For the data below, retype word for word the lines from the one containing "Photo - 449 S Laporte Dr" through the one containing "10709 E Bonita St, Wichita, KS 67207 - #2"; drop the pictures.

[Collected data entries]
====

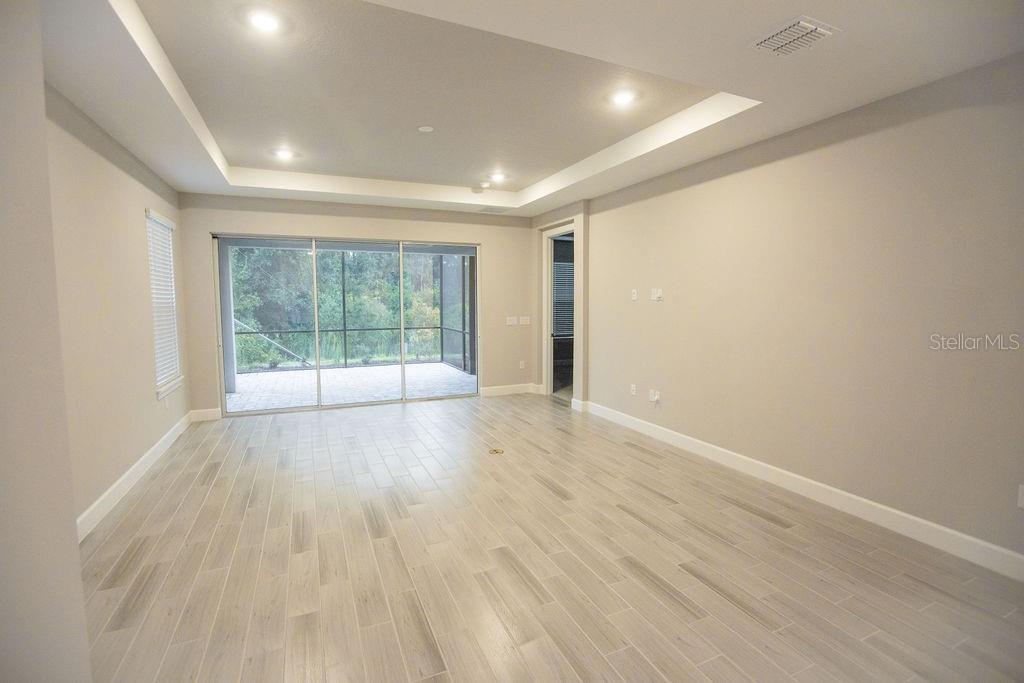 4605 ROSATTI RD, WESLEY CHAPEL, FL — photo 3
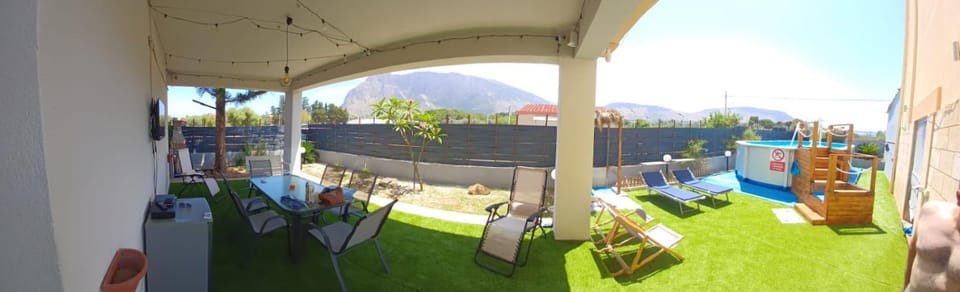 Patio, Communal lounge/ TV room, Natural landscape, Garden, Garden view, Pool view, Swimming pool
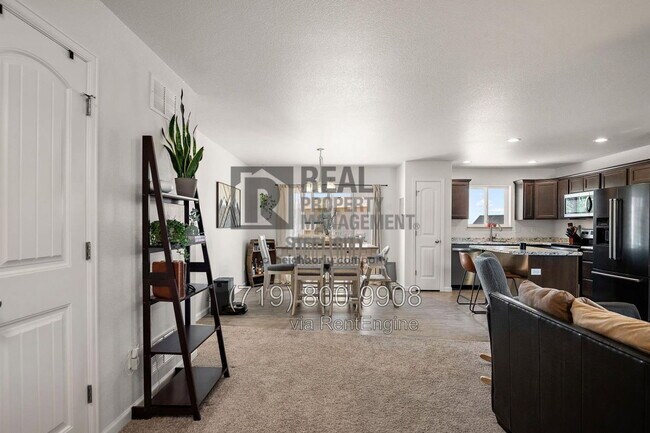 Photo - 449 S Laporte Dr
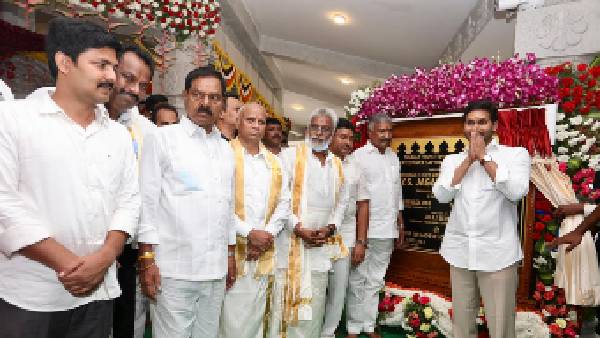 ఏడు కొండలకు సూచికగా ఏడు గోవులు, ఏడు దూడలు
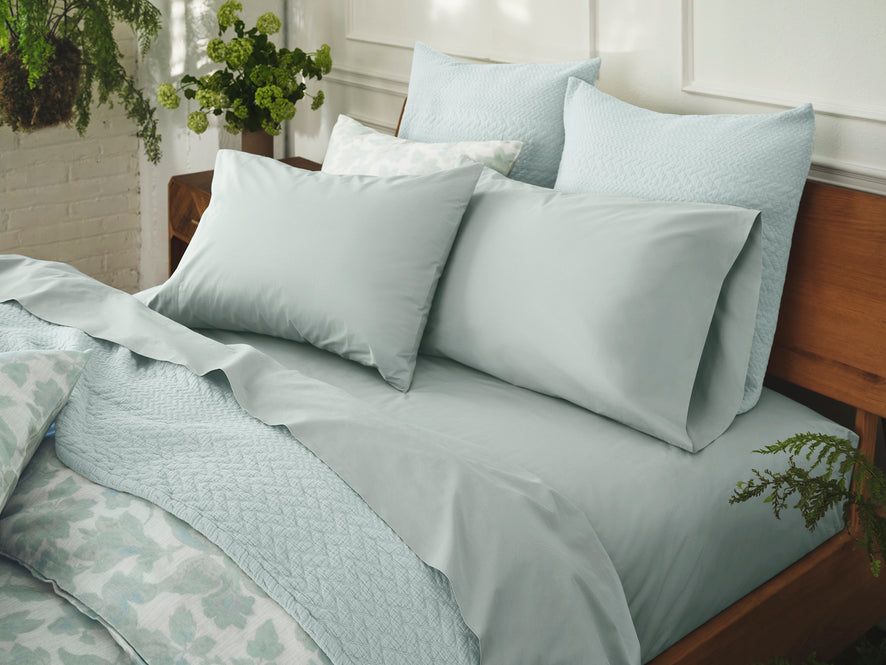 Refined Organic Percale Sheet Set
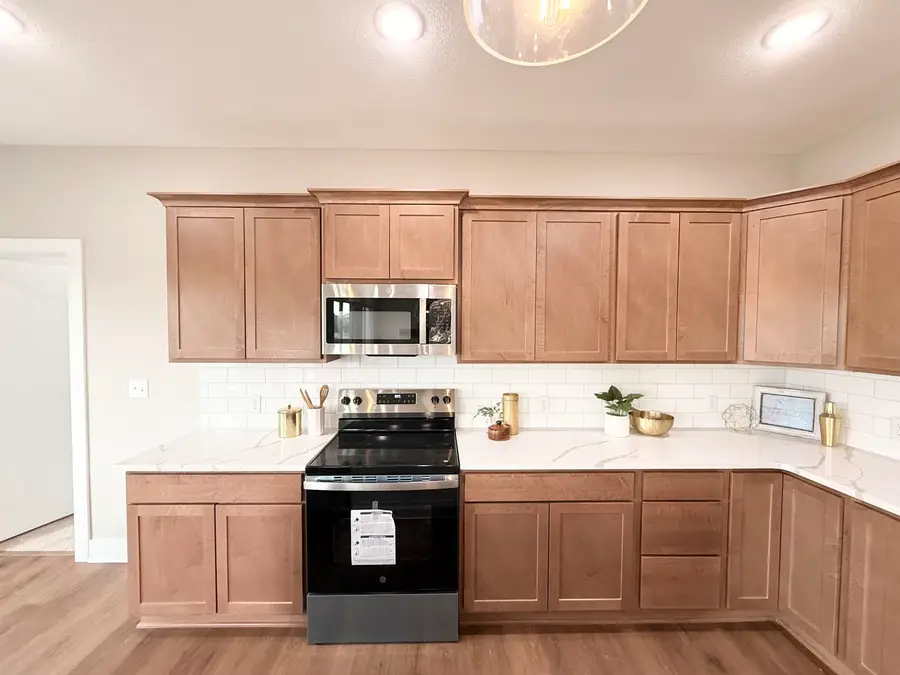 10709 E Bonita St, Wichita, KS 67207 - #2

====

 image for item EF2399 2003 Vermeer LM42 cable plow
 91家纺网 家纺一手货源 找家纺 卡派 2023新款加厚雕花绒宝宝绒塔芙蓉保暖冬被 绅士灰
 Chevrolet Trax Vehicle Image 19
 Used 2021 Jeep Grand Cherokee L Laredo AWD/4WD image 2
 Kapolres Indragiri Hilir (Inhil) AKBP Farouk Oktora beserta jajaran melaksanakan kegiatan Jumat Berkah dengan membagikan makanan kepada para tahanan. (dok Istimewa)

====

| RESPONSE TO THE EXERCISE |
 Photo - 449 S Laporte Dr
 ఏడు కొండలకు సూచికగా ఏడు గోవులు, ఏడు దూడలు
 Refined Organic Percale Sheet Set
 10709 E Bonita St, Wichita, KS 67207 - #2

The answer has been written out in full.